The prolific burglar is suspected of carrying out hundreds of break-ins around one of London's most exclusive neighborhoods, making off with assets worth more than 10 million ($14 million, 12 million euros).
The quaint, upscale neighborhood of Wimbledon Village in the British capital's smart southwest is sheltered from the hustle of city life, and known mainly for its famous tennis tournament and multi-million pound mansions.
But fear now stalks the leafy streets in the form of the "Wimbledon Prowler", as the light-fingered criminal has been nicknamed by the British press.
In a decade of deception, the thief has committed more than 200 burglaries, making mockeries of locks, alarms and security camera systems to pilfer luxury watches, jewelry and cash, detective inspector Dan O'Sullivan told AFP.
The intruder's high-profile targets have included German tennis legend Boris Becker and French former Real Madrid and Arsenal footballer Nicolas Anelka, who chased the burglar from his house.
His biggest single trophy is believed to be a 1955 Rolex Submariner watch valued at around 500,000.
"In the UK there is no one that gets close to him, in terms of the period of time that he's been offending and the financial gain," said O'Sullivan.
"The law of averages says that you're going to make a mistake one day, but we've never actually got close to him, which indicates he's very good. He's disciplined."
That the crook remains at large is not for the lack of trying, with media reporting that police have even hidden in trees to catch him in the act.
Starved of solid leads, Scotland Yard launched an appeal for witnesses in March after a particularly productive period for the burglar between last September and early 2016, with three to four break-ins committed per week.
"When you look back at the history of the last 10 years, that is what he seems to do," O'Sullivan said.
"He seems to smash 20 to 30 jobs over a couple of months and then he seems to go to ground."
From the scant evidence, police believe the crook is a man aged around 35, of medium height and is described as athletic, agile, organised, disciplined and likely knowledgeable about police investigation techniques.

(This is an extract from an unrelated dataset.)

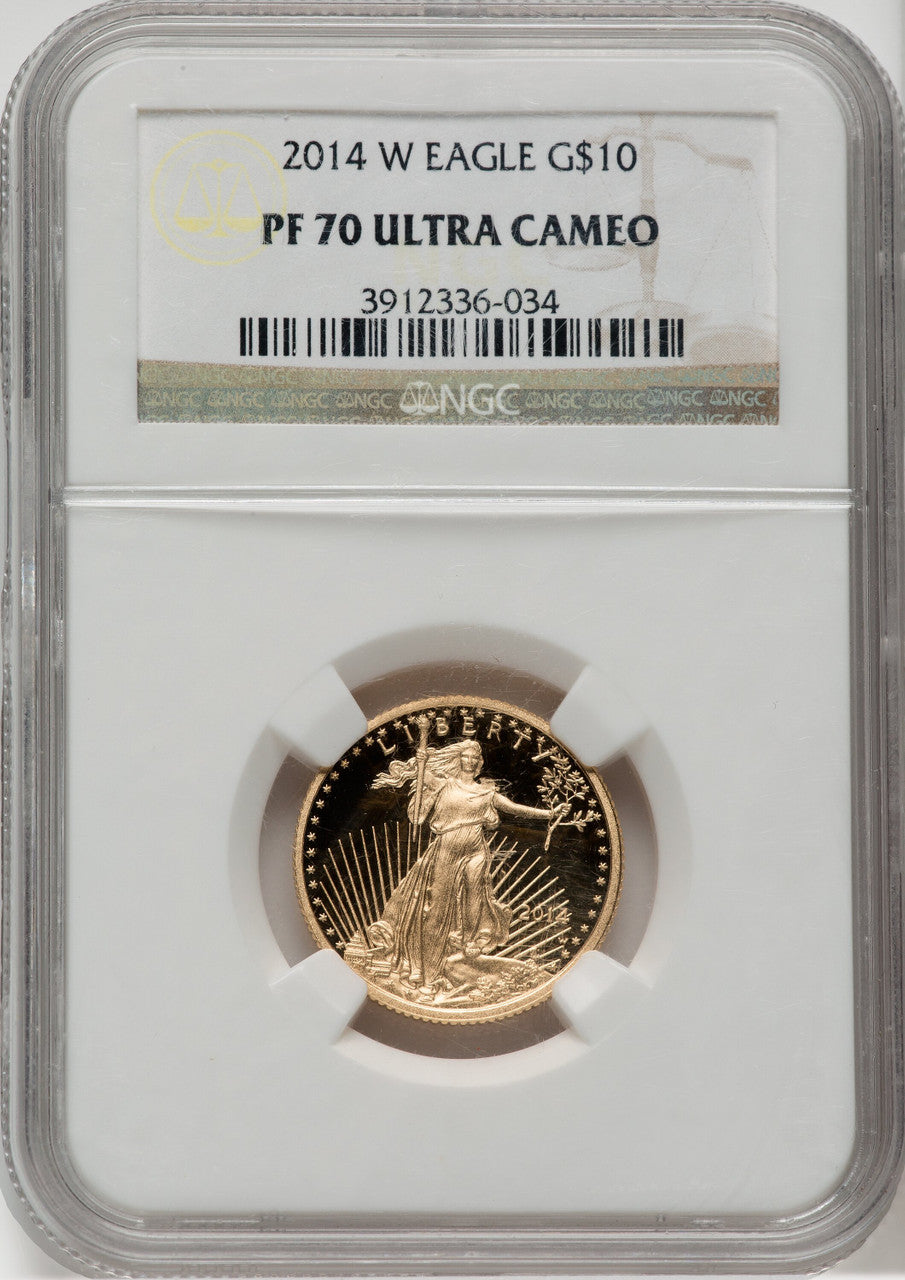 2014-W Quarter-Ounce Gold Eagle NGC PF70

The thief leaves no evidence behind such as fingerprints and is aware of the location of surveillance cameras, hiding his face with his hand.

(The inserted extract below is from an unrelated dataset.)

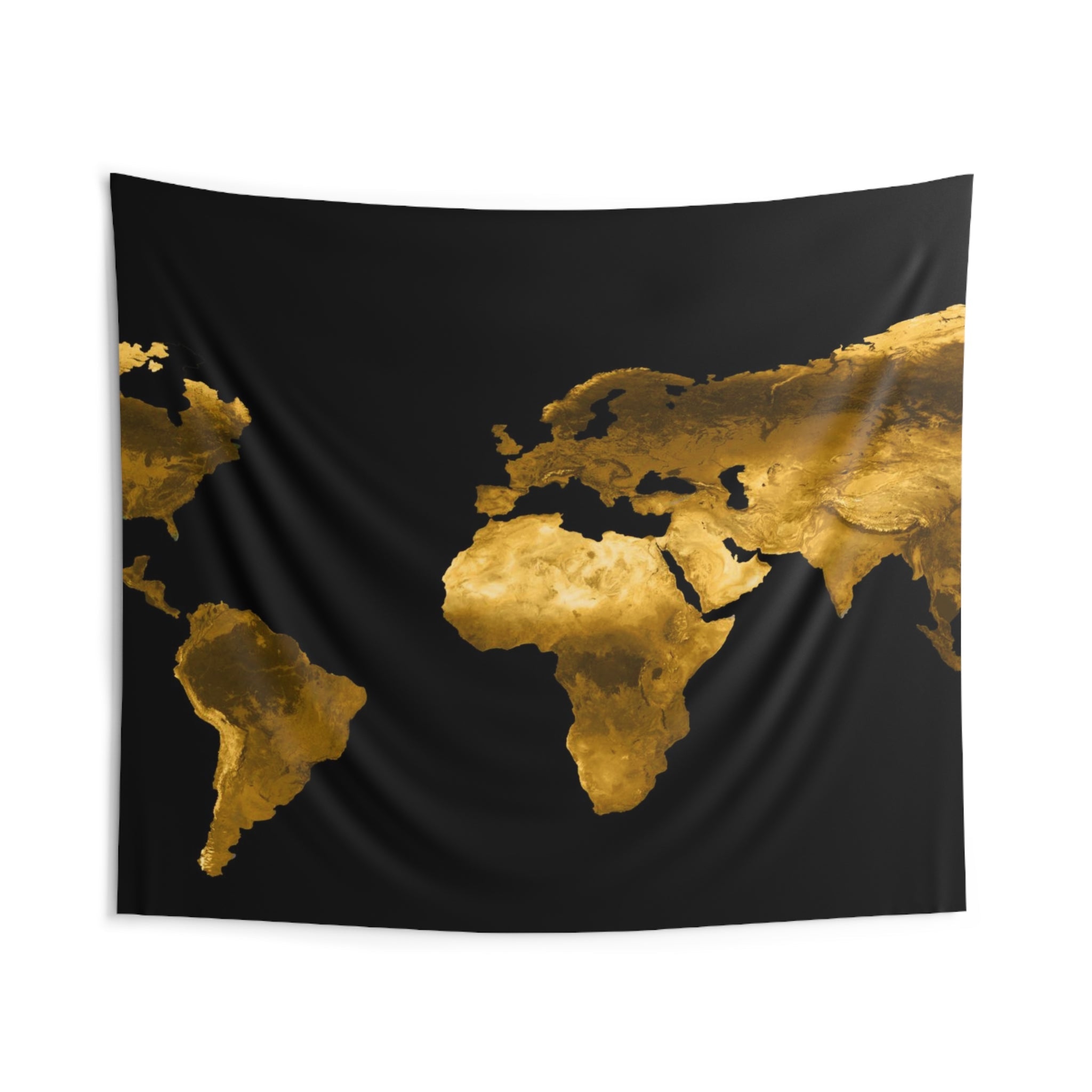 Yellow Worldmap Tapestry-1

O'Sullivan did not rule out the possibility that the hunted man could be a former soldier, given his self-control and attention to detail.
"This individual seems to be one of the 10 percent of burglars who plan a crime," said retired policeman Calvin Beckford, who now operates The Crime Prevention Website, the largest open-source online resource of its kind in Europe.
"This guy is clearly very cautious, is security-aware and spends time making observations, minimizing his chances of being seen and detected," he told AFP, advising Wimbledon residents to review their security systems.
O'Sullivan believes that the felon is motivated by more than just money, saying he was probably seduced by the "kick, the thrill of doing it".
None of the burglaries have led to physical harm, with one victim telling AFP: "He comes and goes, but so far there's never been any evidence of any violence."
"We don't think he's life-threatening, we don't lose sleep but we hope that he'll be caught," the victim added -- but that may be a while in coming.
"He's now gone to ground," explained O'Sullivan. "We're just waiting for him to come again and when he comes again, we'll be ready for him.
"Like him, for us, it's the thrill of the chase because one day, we're going to get lucky."